E invece non lo so e non lo saprò mai. Solo un suo thread, forse, ce lo potrebbe svelare, alla sua maniera: «Molti si chiedevano chi fossi e perché mi celassi dietro uno pseudonimo preso da un’antica vicenda tedesca…». Ma al primo tweet altri non seguirebbero: Bückler è clandestino e tale vuole rimanere e rimarrà.

E mentre tutti mostrano se stessi, in un selfizio universale, per essere cuorati o ripresi, lui ci appare con l’effigie di un bandito tedesco con un soprannome parecchio impegnativo. Al personaggio in questione fu tagliata la testa, all’inizio dell’Ottocento. E divenne leggenda.

Nel caso del Bückler attuale poco o nulla si sa. Le poche cose che si conoscono di lui potrebbero essere false piste, diversivi.

«Nessuno deve mai sapere chi sono io, nemmeno la mia famiglia», figuriamoci i suoi editori. «Voglio proteggere la mia vita tranquilla», ribadisce. Ma c’è una ragione che credo sia soprattutto letteraria. E se all’inizio lo pseudonimo serviva per denunciare le iniquità fiscali senza alcuna reticenza, quando Bückler ha deciso di raccontare le sue storie, il suo anonimato ha cambiato significato. E valore, soprattutto.

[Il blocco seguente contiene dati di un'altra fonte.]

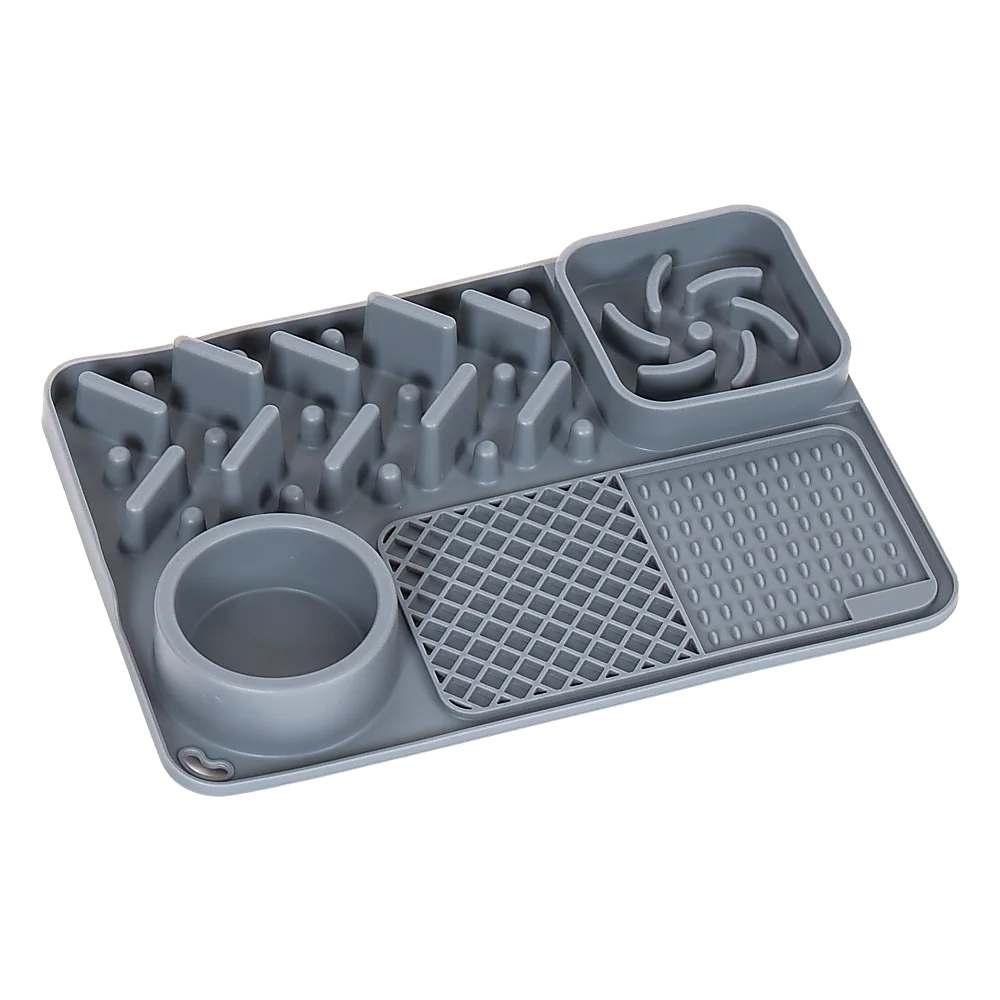 Pet Licking Mat Bite Resistant Non-Slip Slow Feeder - Pet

Perché il “senza volto” ogni volta cambia voce, storia, discorso, come se l’essere anonimo gli consentisse di assumere nomi diversi, ogni giorno, anzi, ogni sera, perché Bückler è la sera che scrive, alla fine di una giornata in cui tutto è stato fuorché Bückler. E con la voce muta toni. E argomenti.

Del resto, quelli di Bückler non sono follower, sono lettori. Si fanno largo tra le frasi più viete, le uscite più estemporanee, quella superficialità che dilaga, per scendere in profondità. O forse, meglio, salire.

Chi sia Bückler non ci deve interessare, dunque. Ciò che ci preme è sapere chi sarà domani, quando il sole sarà già tramontato e ci inviterà ad ascoltare una delle sue mille storie.